Start of Input for this task
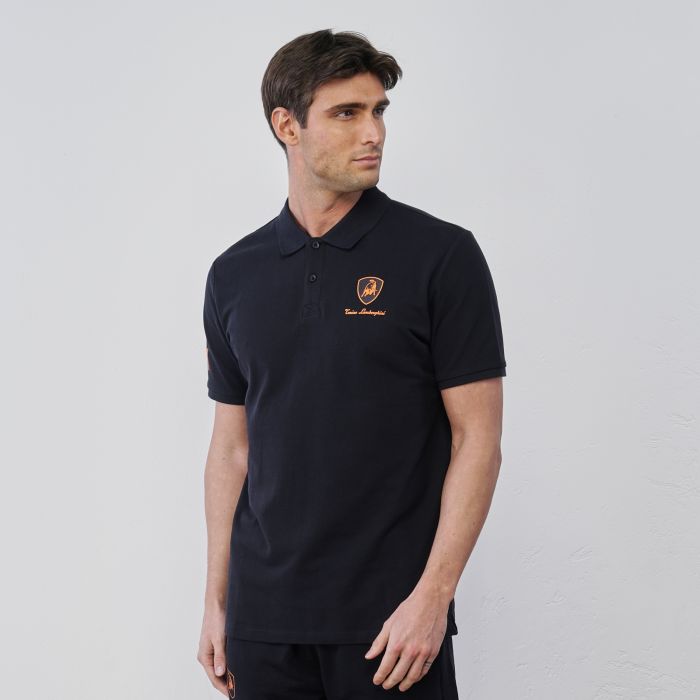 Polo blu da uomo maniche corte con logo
End of Input for this task
Start of Input for this task
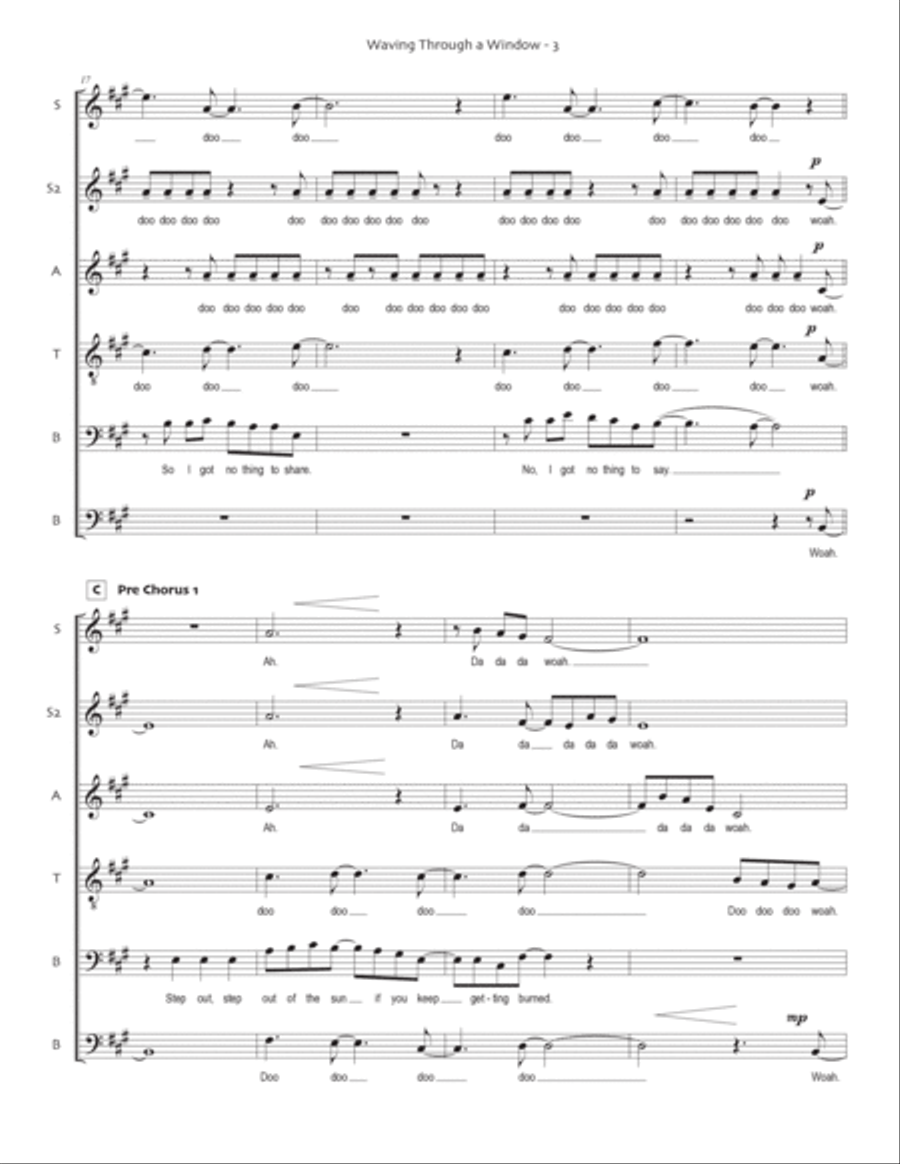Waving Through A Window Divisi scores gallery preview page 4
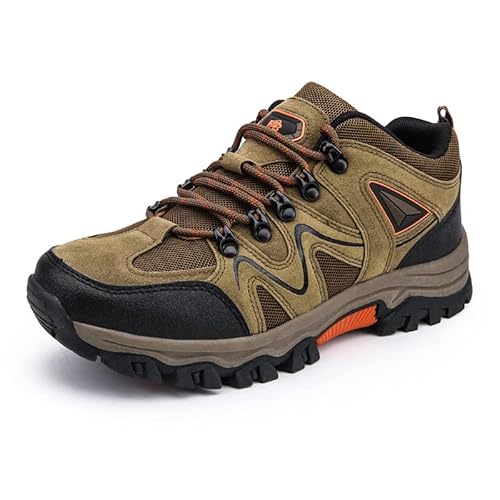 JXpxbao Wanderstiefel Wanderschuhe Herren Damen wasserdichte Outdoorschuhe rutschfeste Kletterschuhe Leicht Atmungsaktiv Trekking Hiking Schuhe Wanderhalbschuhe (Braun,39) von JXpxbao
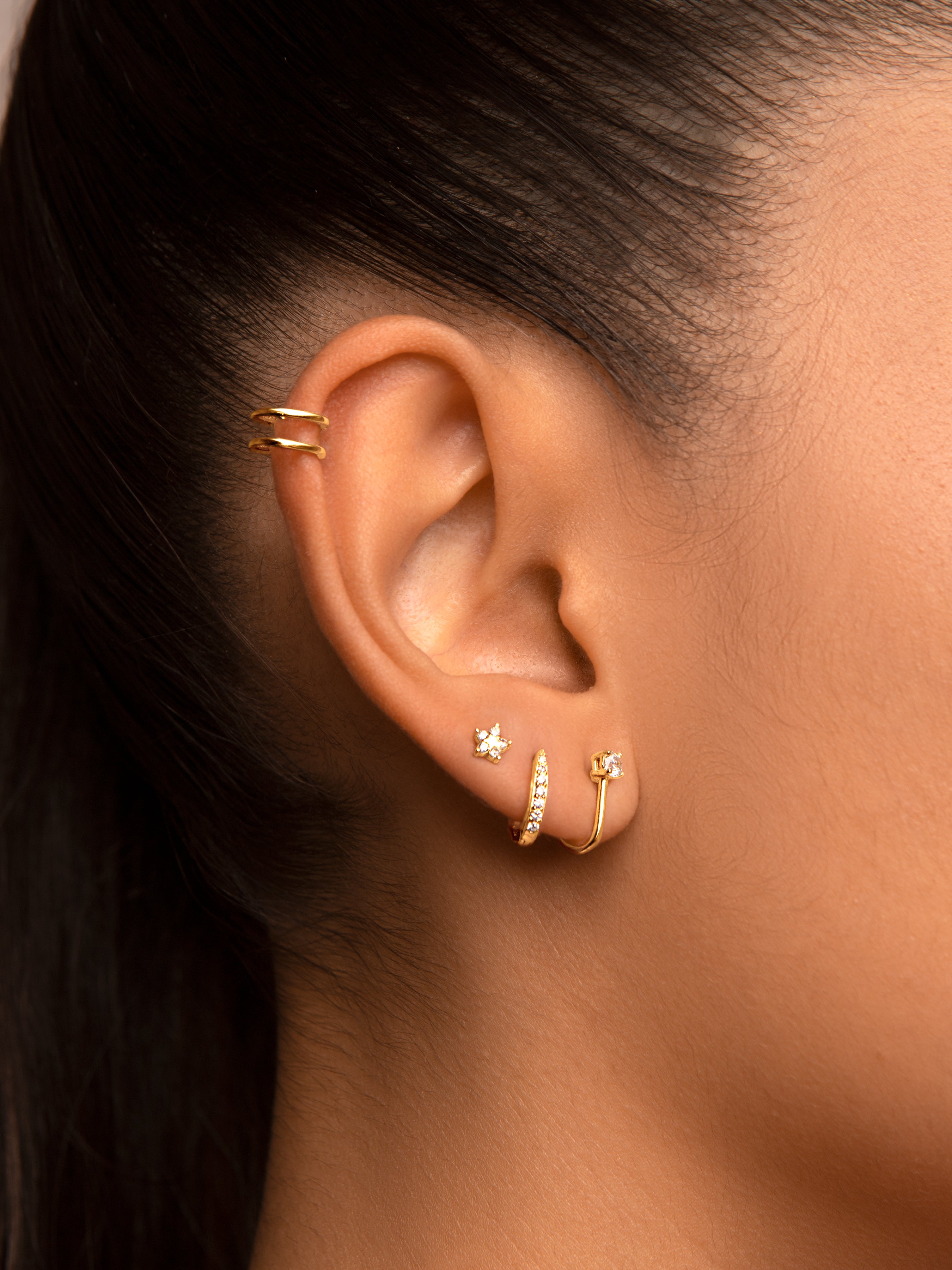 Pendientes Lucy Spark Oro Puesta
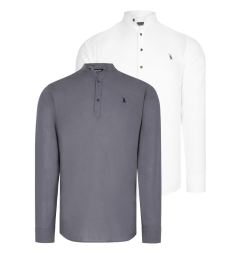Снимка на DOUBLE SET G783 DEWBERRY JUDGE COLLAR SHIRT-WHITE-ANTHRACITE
End of Input for this task
Task: Where a picture appears in the records above, omit it, and transcribe exactly the stretch of lines from the one with "Waving Through A" through the one with "JXpxbao Wanderstiefel Wanderschuhe".

Solved exercise:
Waving Through A Window Divisi scores gallery preview page 4
 JXpxbao Wanderstiefel Wanderschuhe Herren Damen wasserdichte Outdoorschuhe rutschfeste Kletterschuhe Leicht Atmungsaktiv Trekking Hiking Schuhe Wanderhalbschuhe (Braun,39) von JXpxbao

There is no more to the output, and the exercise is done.